__What to do__:
Beginning with the line below that contains "129 Public Square" and ending with the line that contains "جناح شهر العسل", retype every line exactly. Pictures are not copied.

__Information__:
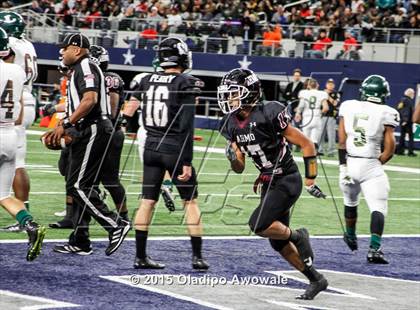 Thumbnail 3 in Longview vs. Wylie (UIL 5A Region II Regional Playoffs) photogallery.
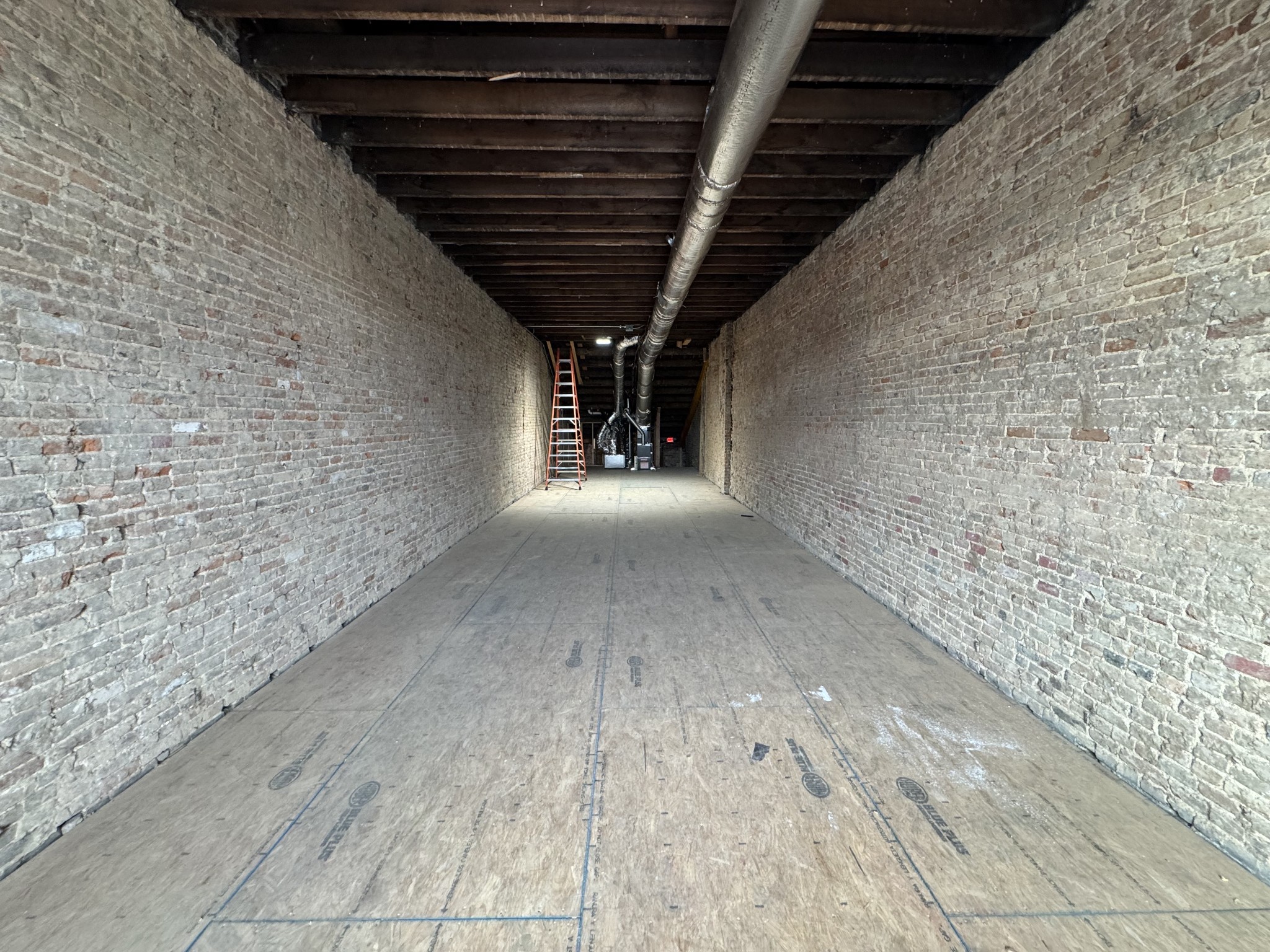 129 Public Square Lebanon, TN 37087 - Photo 6 of 9 a view of an empty room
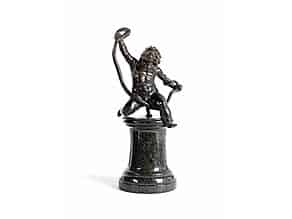 Detailabbildung:  Bronzefigur des Schlangen bändigenden Herkules als Kind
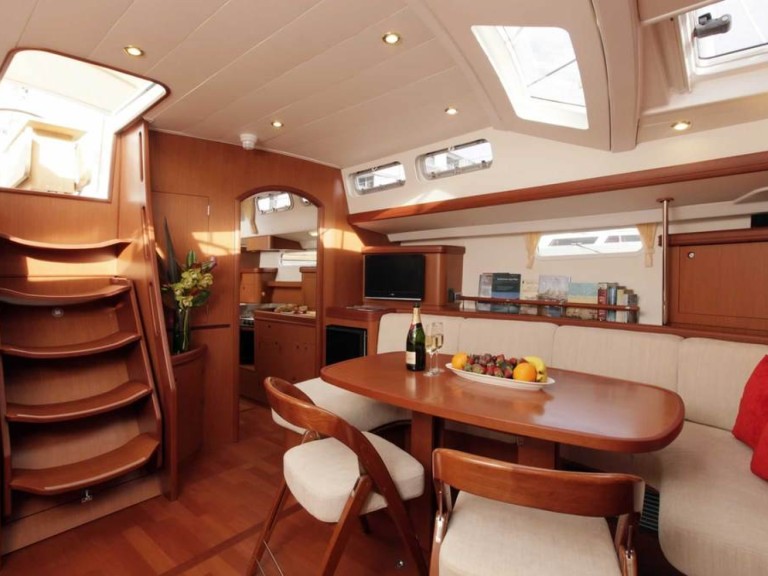 Hire Sailboat with or without skipper Bénéteau Punat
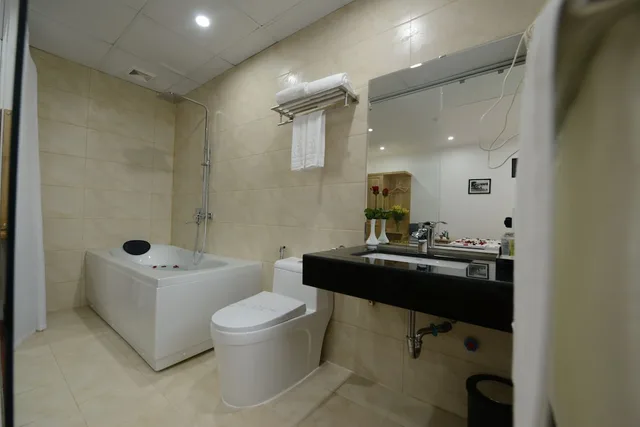 جناح شهر العسل بسرير كوين، Blue Hanoi Inn City Hotel 3/4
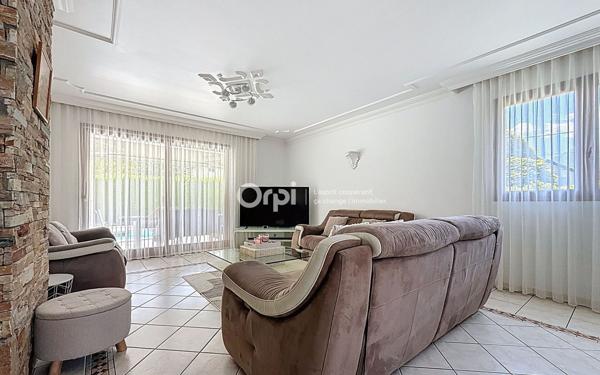 Maison à vendre    6 pièces •  Albertville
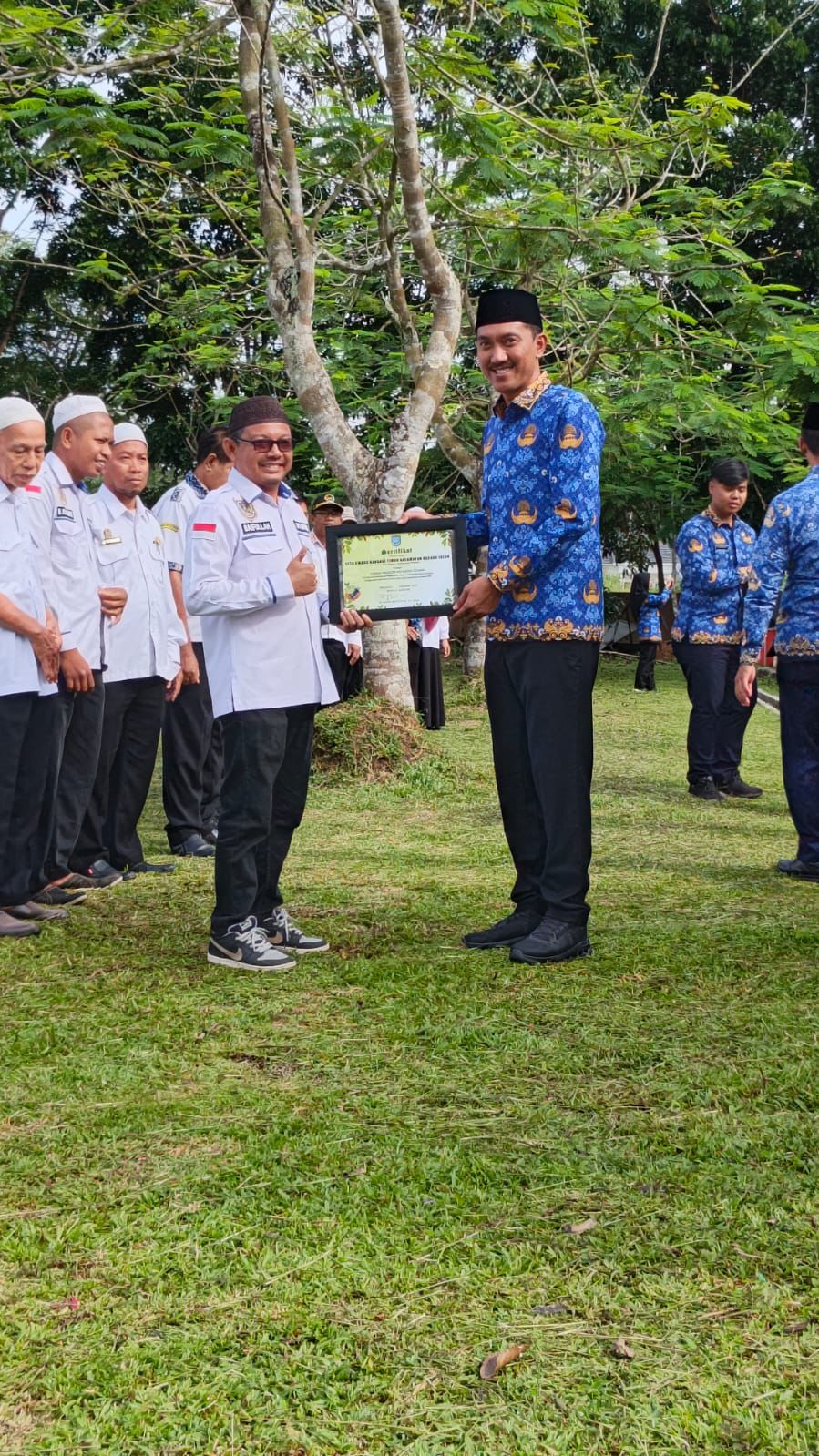 Penerimaan Penghargaan Dari Bapak Bupati H. Saidi Mansyur ke Desa Awang Bangkal Timur terhadap Kegiatan Program Kampung Iklim (PROKLIM)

__Task output__:
 129 Public Square Lebanon, TN 37087 - Photo 6 of 9 a view of an empty room
 Detailabbildung:  Bronzefigur des Schlangen bändigenden Herkules als Kind
 Hire Sailboat with or without skipper Bénéteau Punat
 جناح شهر العسل بسرير كوين، Blue Hanoi Inn City Hotel 3/4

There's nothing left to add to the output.